After time passes, there may be opportunity to share words of understanding and consolation.  But in the throes of anger and the depths of despair, it is wise to guard our tongues. 

Sunday, May 7, 2023

Avot 4:4 Embracing Death--and Life




Rabbi Levitas of Yavneh said:Be humble of spirit, for the anticipated end of mortal humans is worms.”  

In his landmark 1973 book, The Denial of Death, Ernest Becker taught that many of our most profound personal and cultural ills are a result of our inability to come to terms with our mortality.  Instead of recognizing our impermanence, we fill our lives with distractions that offer temporary comfort at the expense of long-term growth.  Becker wrote: “Modern man [sic] is drinking and drugging himself out of awareness, or he spends his time shopping, which is the same thing.”  

Fifty years later, Becker’s premise rings even more true.  The overlords of Silicon Valley are famously obsessed with immortality, and our embrace of their technology renders us complicit in that destructive pipe-dream.  Now, more than ever, our denial of death is, in fact, a deep diminishment of life.  Instead of mustering courage, we surrender to our fear.  

For Ernest Becker, the path toward a meaningful life begins with acknowledging that “to live fully is to live with an awareness of the terror that underlies everything.”  So, too, Rabbi Levitas of Yavneh taught this truth two thousand years ago.  In reminding us of our ultimate end—worms—he affirms the Torah’s core wisdom of ashes to ashes, dust to dust.  A good life embraces our fleeting frailty as the impetus to make the most of the time we’re given.  To be born is to die.  If we run from that reality, we fritter away our days worshiping petty, false gods that tempt us with empty promises.  When we accept and affirm it, however briefly, we shine.
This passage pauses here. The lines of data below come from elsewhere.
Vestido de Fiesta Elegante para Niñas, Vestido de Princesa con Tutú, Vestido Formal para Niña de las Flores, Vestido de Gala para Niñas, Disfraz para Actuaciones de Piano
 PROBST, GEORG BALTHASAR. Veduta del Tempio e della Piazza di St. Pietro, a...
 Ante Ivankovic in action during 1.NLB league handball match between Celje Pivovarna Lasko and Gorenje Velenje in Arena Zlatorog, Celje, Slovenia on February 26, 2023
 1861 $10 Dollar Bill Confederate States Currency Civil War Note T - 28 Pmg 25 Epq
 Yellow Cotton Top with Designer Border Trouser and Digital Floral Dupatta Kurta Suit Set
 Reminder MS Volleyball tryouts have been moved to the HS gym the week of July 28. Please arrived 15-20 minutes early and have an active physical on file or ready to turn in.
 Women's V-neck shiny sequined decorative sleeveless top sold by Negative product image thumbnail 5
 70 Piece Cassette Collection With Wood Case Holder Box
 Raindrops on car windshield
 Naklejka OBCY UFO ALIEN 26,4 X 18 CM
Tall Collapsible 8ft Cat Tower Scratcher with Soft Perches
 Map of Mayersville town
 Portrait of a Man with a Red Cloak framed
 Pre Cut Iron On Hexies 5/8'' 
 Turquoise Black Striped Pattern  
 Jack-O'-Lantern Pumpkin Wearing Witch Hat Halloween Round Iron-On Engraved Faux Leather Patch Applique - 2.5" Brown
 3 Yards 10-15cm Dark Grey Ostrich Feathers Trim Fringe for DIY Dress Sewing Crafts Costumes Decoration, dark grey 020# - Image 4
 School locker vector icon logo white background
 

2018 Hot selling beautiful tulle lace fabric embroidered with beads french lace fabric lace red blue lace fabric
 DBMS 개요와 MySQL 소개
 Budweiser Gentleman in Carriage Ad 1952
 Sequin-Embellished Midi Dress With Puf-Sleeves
For a gorgeous musical meditation on this theme of mortality, listen to “Change” by Big Thief:

Change like the wind
Like the water, like skin
Change like the sky
Like the leaves, like a butterfly

Would you live forever, never die
While everything around passes?
Would you smile forever, never cry?
While everything you know passes?




Sunday, April 16, 2023

Avot 3:12: Knowledge and Virtue



Rabbi Chanina Ben Dosa used to say: Anyone whose good deeds exceed their wisdom, their wisdom will endure.  But anyone whose wisdom exceeds their good deeds, their wisdom will not endure.

Our Jewish tradition is in love with learning.  For many centuries, when most of the world was illiterate, Jews valued literacy as an essential pre-requisite for both prayer and Torah study.  It is no accident that our Muslim neighbors named us “the People of the Book.”  This was especially true for the Talmudic Rabbis cited in Pirkei Avot, whose lives were grounded, first and foremost, on a foundation of lifelong learning.

But for all their emphasis on rigorous study, our Sages recognized that it does not always lead to ethical behavior.  Despite Socrates’ famous claim to the contrary, knowledge and virtue are not synonymous.  Learning is amoral—its virtuosity (or lack thereof) depends entirely on how it is applied.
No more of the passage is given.